Strauss’a göre yazısız toplumların amacı “bütüncül” bir evrendir. Yani her şeyi anlayamazsan hiçbir şeyi açıklayamasın. “Bu, çok sınırlı fenomenler hakkında açıklamalar sunmaya çalışan, ardından başka türden fenomenlerle devam eden ve böyle adım adım ilerleyen bilimsel düşünmeyle tamamen çelişir. Bilimsel düşünme vasıtasıyla evren üzerinde bir tahakkümde bulunabildik. Ancak mitsel düşünce insana evreni anlayabileceği ve evreni anladığı illüzyonu verdi. Bu elbette sadece bir illüzyondur.” Strauss’a yönelik az önceki itirazımız kendisini daha da açık bir şekilde göstermiştir. “Mit, Tarih Haline Geldi” bölümünde Strauss, antropolojinin temel sorunlarını sıralayarak kendisinin tespit ettiği sorunları bir yansıması olduğunu kitabında görebilmekteyiz. Strauss’un naif bir şekilde “ilkel” olarak gördüğü Batı dışı toplumlar değerlendirmesi elbette bir sorundur. Ancak bu sorun çokça ve gereksizce Avrupamerkezcilik çalışmaları kapsamında çalışıldığından fazla üzerinde durmaya gerek yoktur.
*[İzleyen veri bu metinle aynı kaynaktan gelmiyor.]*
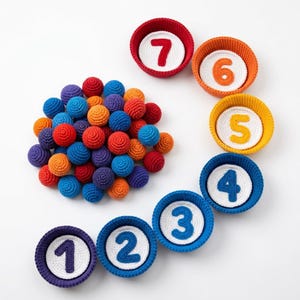 May include: A collection of small, round, crocheted yarn balls in various colors including red, orange, blue, and purple, arranged next to seven circular, crocheted bowls. Each bowl contains a white circular insert with a number from one to seven.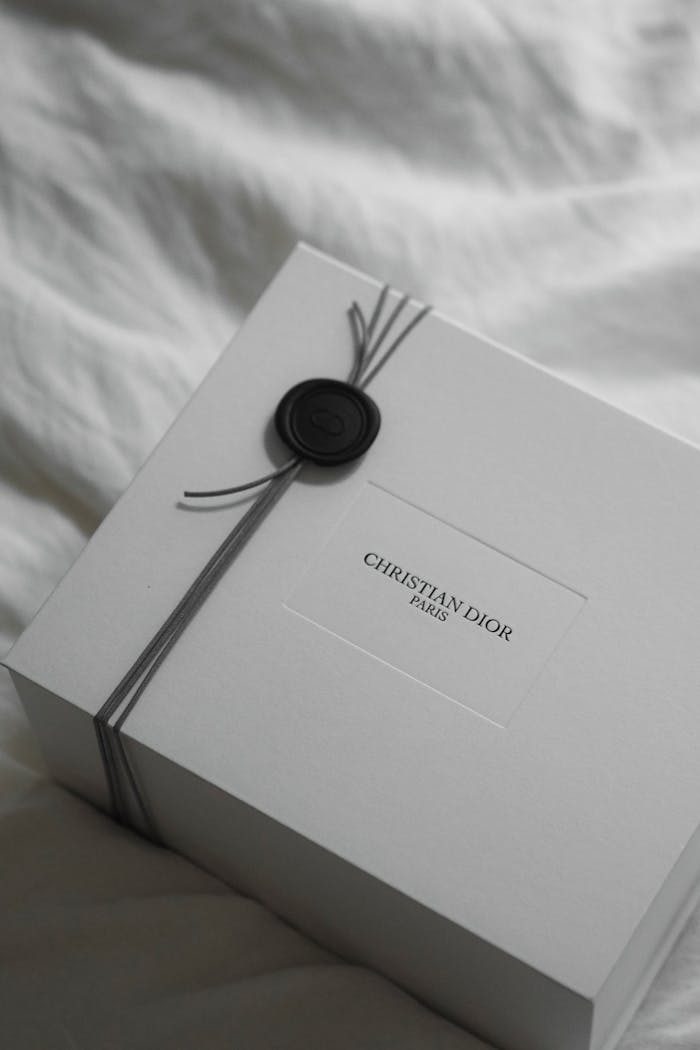 Discover the luxurious packaging of a Dior gift box, elegantly wrapped with a wax seal in Paris.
Bir noktada gereksizdir çünkü esas mesele ya da Strauss’un esas sorunu çok daha ciddi ve önemlidir. Bu sorun da, bir şeyin başka bir şey ile olan benzerliği, ortaklığı üzerinden inşa edilen yapının bir bağıntılar bütününden ibaret olup, insanın dünyadaki davranışlarının açıklanmasını teorik ya da içinde yaşadığımız zaman gereğinde kuramsal olduğudur. Bu da hiçbir şekilde varoluşu açıklayamamakta, varoluşu belirli anın görünüşünü bakışın modele uygunluğu çerçevesinde sabitlenerek anlam bütünü haline getirilmesidir. Yapı ile gerçeklik arasındaki ilişkiye yönelik her türlü açıklamaların kuramsal bağlantılar olduğu görüldüğünde sorun daha ciddi bir şekilde kendisini göstermektedir.
Sonuç olarak, çağdaş “düşünce”de önemli bir yere sahip olan Levi-Strauss’un genel düşüncesi, yine genel okura yönelik yazılmış metni üzerinden bir tavsiye olarak okuduğunuz bu değerlendirmeyle tanıştırmayı amaçladım.